Every now and then, there is a Proust wave: someone writes a new book about Proust, and this inspires book critics to suggest that people pick up the book. Or some author decides to (finally) read Proust, and writes about it. Hannah Gersen did that recently on The Millions. Her Proust Book Club was inspired by a new biography of the author, and by previous failed attempts to get through the long work.
In my late 20s, I finally made good on my promise and read Proust daily for about four months. […] But my enthusiasm must have waned, because I stopped reading somewhere in volume four. I don’t remember when I gave up, or why; I don’t even remember feeling bored with the project. Looking back through my journal entries from that year, it seems that a new iPod shuffle was the culprit. Maybe the weather also played a part. I began my grand rereading project in January, when it was cozy to stay indoors and read during my lunch hour. But then spring and my iPod arrived and I started to use my lunch break to go for walks set to a soundtrack of my own design. I have to wonder what albums could have been better than Proust.

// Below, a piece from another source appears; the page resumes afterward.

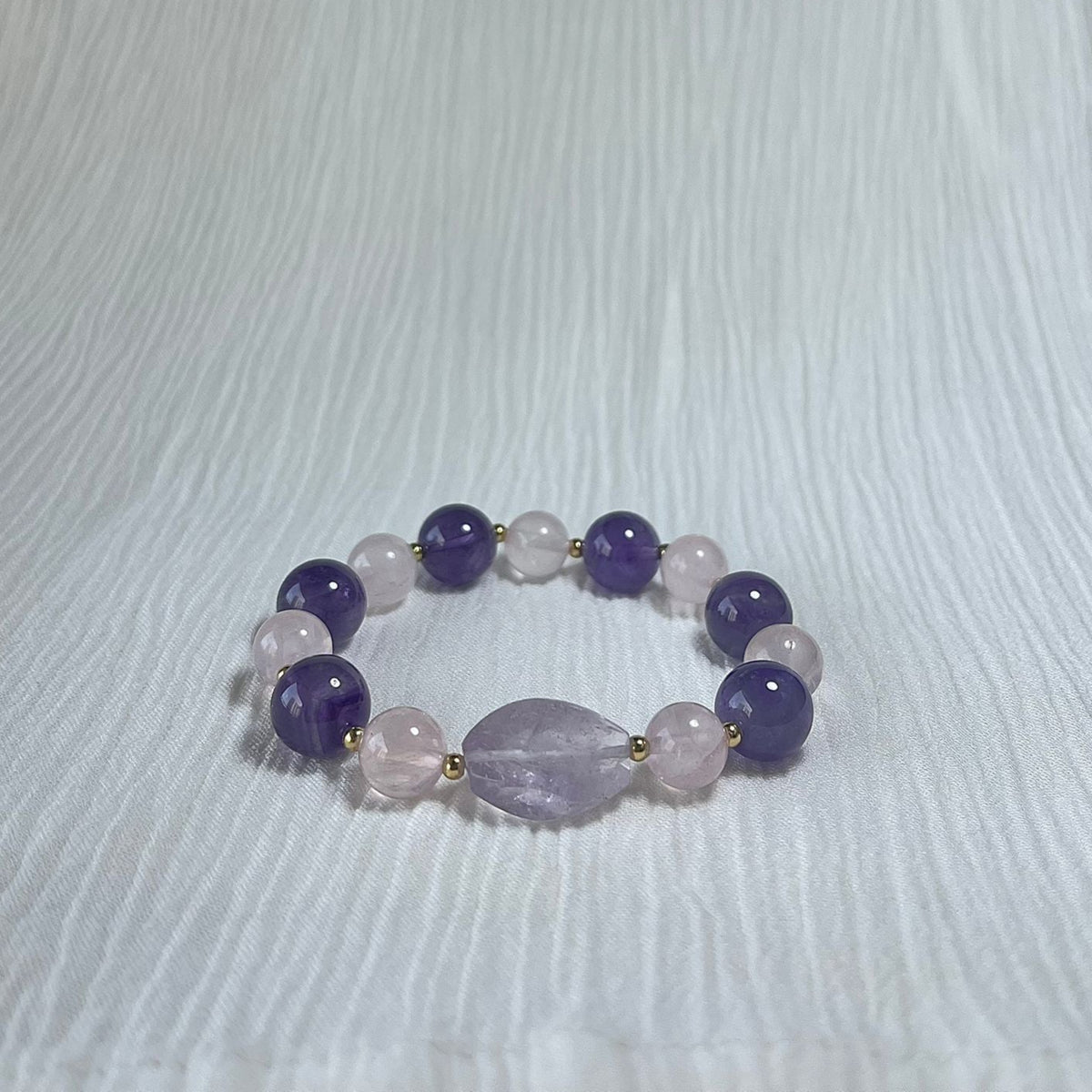 Pulsera Vilan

And at the same time, I think that Proust, who briefly subscribed to “Théâtrophone,” a service that allowed him to listen to live opera performances via telephone, would have understood the temptation.
Recently, in a Facebook group about Proust I belong to, someone posted that, for him, reading Proust was “a struggle.” I was surprised by this. As if this is not reading for pleasure, but out of some sense of duty. As if someone has assigned the novel as required reading.
Ms Gersen explains, in her article, that:
Almost everyone I know who has completed In Search of Lost Time (and to be clear, most of these “known” people are those who have written about the experience, not anyone I’ve met personally) did it slowly, reading just 10 to 20 pages a day, usually in the morning. At a pace of 10 pages a day, it will take me about a year and two months to finish, a period of time that doesn’t seem as long as it did 10 years ago.
This sort of New Year’s resolution approach seems to me the wrong way to read a great work of literature. In my experience, the only way to read Proust is just to read him, the same way you’d read any other author.
But there is a stumbling block when reading Proust: it’s his long, sinuous sentences. Many people find these difficult, and spend a lot of time reading them and re-reading them, mentally diagramming them to figure out what they mean.
I figured out the key to reading Proust some years ago, when listening to an audiobook version of the work in French. When you hear Proust’s sentences spoken, you realize that his style – which seems complex and modernist – is essentially a reproduction of spoken French. The digressions, the explanations, and the amplifications he piles on match the way people speak. If you can read Proust with this in mind, you can let the words flow, without them tripping you up. It may be more difficult in the English translations to follow these sentences, because no English translation really gets it right. But try reading Proust with this in mind, and you’ll get a better appreciation of the author’s fluid style.
The first time one reads Proust should be like writing a first draft of something; read to enjoy the text, to follow the plot, and don’t try and pick up every detail. You’ll have time to go back and read the novel again. (You’d be surprised how many people who do finish the novel read it again, maybe ten or twenty years later.) But, as you read, you’ll find elements that stand out, that are reflections of your own thoughts or experiences. Read the second installment of Ms Gersen’s Proust Book ClubThe View From Age 38 to see how she compares the narrator’s childhood memories to her own. Proust’s writing contains multitudes, and everyone can find resonance in this novel.
So read Proust, but don’t make it a chore. Enjoy the experience. If you see it as a struggle, then you probably shouldn’t read it. Reading should be a pleasure.